COPENHAGEN: A Danish play about the “clash of civilisations” set against the backdrop of the global Mohammed cartoons crisis is under way and will open in Copenhagen in September, the playwright told AFP.

“What interests us is to shed light on the controversy surrounding these cartoons,” Flemming Jensen said, describing the play as humourous and “amusing”.

“Humour is the only weapon to deal with such a serious problem,” he said.

Twelve drawings of the Prophet Mohammed, considered by many fervent Muslims to be blasphemous, have sparked violent protests and scores of deaths in Muslim countries since

they were first published in Danish newspaper Jyllands-Posten last September.

Jensen said the play would not show the cartoons. “But we are not going to censor ourselves and we are not afraid,” said the playwright, who last year staged a musical about the US-led war in Iraq entitled Let’s Kick Ass!

The new play is entitled King of Hearts and is an adaptation of a play about the clash of civilisations written by British author Alistair Beaton, who is, given Muslims’ anger over the caricatures, “a little nervous about the idea of working on this play,” according to Jensen.

“He wants to see every word I write,” the Dane said.

Jensen said the cartoons controversy had inspired him to undertake the project but “the clash of civilisations is always there. It did not arise because of the Mohammed cartoons”. As a result, the piece is “about the conflicts that arise in a society like ours, which has a large group of Muslims but which has historically been Christian,” he said.

“And when such a crazy thing like this happens — the cartoons — we have to take them into account.”

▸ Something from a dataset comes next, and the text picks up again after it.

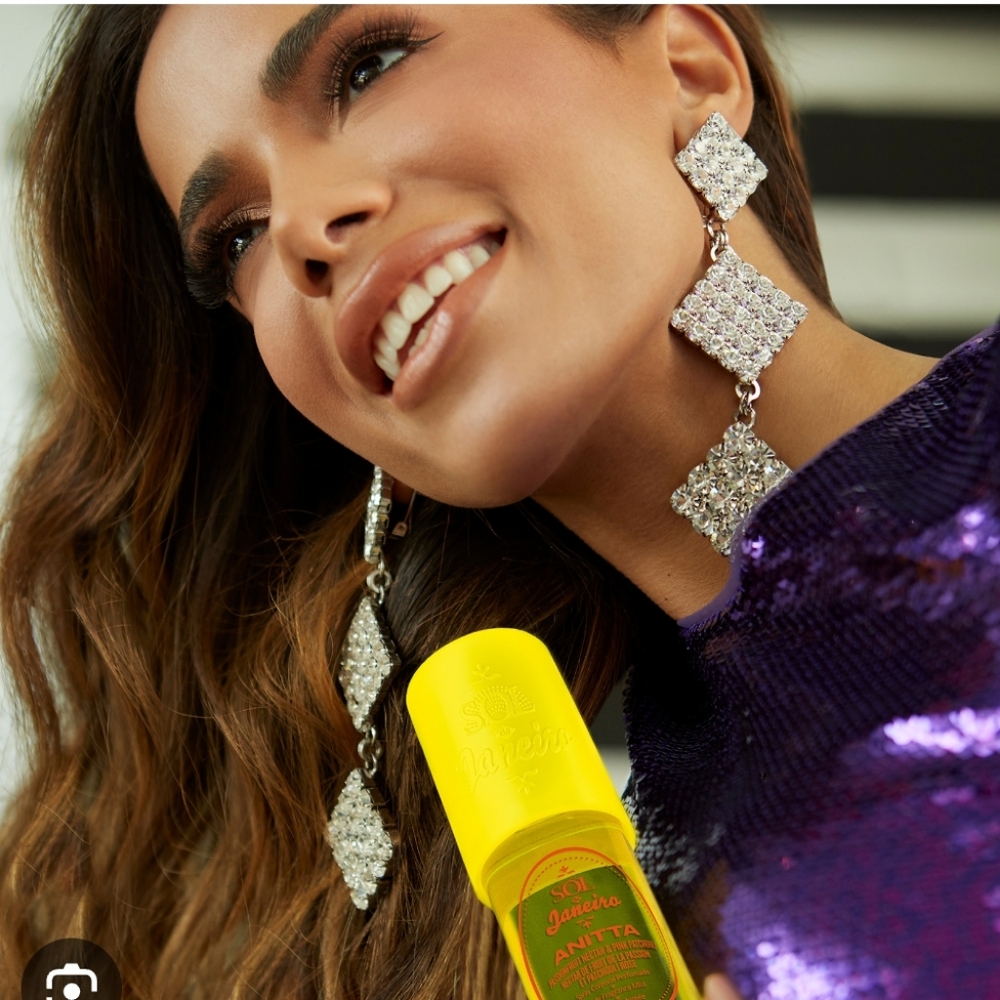 Sol de Janeiro x Anitta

He insisted that the production would not take sides in the row, and stressed that “the theatre’s mission is to show the different facets of a problem without necessarily taking a stand.”

The play, which will be performed in Danish, will open on September 21 at the Noerrebro Theatre in the Danish capital.

Jensen’s 2005 production Let’s Kick Ass! — named after a phrase uttered by US President George W Bush and which was a takeoff on Beaton’s play Follow the Leader about Bush and British Prime Minister Tony Blair — was a huge success.